LOCAL films grossed a total of RM93.8 million in the first 11 months of the year, with animated films Upin & Ipin: Keris Siamang Tunggal, BoBoiBoy Movie 2 and Ejen Ali: The Movie among the highest contributors.

The BoBoiBoy film led with the gross of RM29.57 million followed by Upin & Ipin (RM26.2 million) and Ejen Ali (RM23.6 million) as of Dec 15, according to the National Film Development Corp Malaysia’s (Finas) Mandatory Screening Scheme.

Deputy Communications and Multimedia Minister Eddin Syazlee Shith told the Dewan Rakyat yesterday that the achievements of local box office films in local cinemas for the years 2018 to 2019 have shown positive growth as GDP in cinemas for last year surged to RM170.4 million, a 194% increase from the RM57.92 million recorded in 2017.

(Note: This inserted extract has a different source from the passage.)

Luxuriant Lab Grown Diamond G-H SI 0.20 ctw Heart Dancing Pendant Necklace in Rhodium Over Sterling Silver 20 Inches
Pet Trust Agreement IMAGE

He was responding to Senator Datuk Mohd Suhaimi Abdullah’s query on what is needed to be done in order to improve the quality of the country’s film industry which has been gaining less traction.

This surge was driven by an increase in viewership to 13.21 million compared to 4.55 million viewers in 2017.

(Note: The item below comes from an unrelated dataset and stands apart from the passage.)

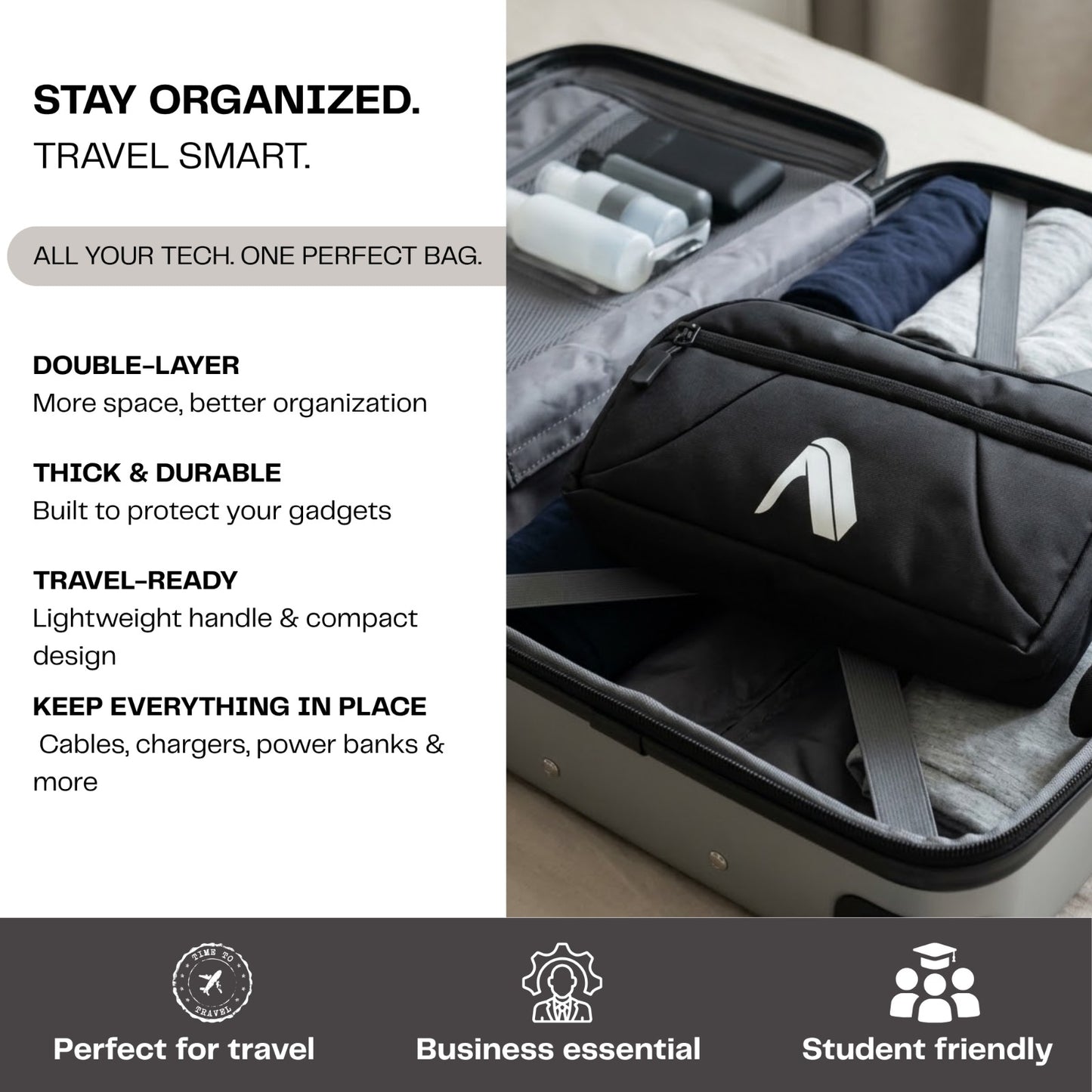 Black travel organizer bag with text highlighting features and benefits, placed inside an open suitcase.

“The ministry — through Finas — has always been providing support to the production of quality local films. Among the initiatives are the Feature Film Screening Incentive, Mandatory Screening Scheme, Movie Publishing Incentives in Malaysia, Marketing Development Fund and Digital Content Fund.

“Finas has also acted as a facilitator for local filmmakers to enter the international market through participation in MIPCOM Cannes, Hong Kong Filmart, European Film Market, Marche Du Film Cannes, American Film Market and ATF Singapore,” he said.

Eddin Syazlee added that last year, a total of RM109.81 million was generated through exports of local creative content.

“Among the local films that hit international film festivals were Redha, Shuttle Life, Subbulaksmi Husband, Fly By Night and One Two Jaga for the movie category; Mudhal Padayal, Ninavau, Thiruvin Manggai, Tapir Village and Highway for the short film category; and Upin & Ipin and The Cliff House for the animated film category.

“Film festivals that the local films ventured into include the Norway Tamil Film Festival, Busan International Short Film Festival, the Vancouver Web Fest, the Asian Youth Indie Film Festival, the Montreal International Film Festival Animation and more,” he added.

Eddin Syazlee said local producers’ tendency to produce local films can also be measured by the increasing number of multi-format movie productions based on the application of a Certificate of Production.

“There were 905 titles with the total production cost of RM482.5 million last year compared to 836 titles with the production costs of RM383.5 million for 2017,” he noted.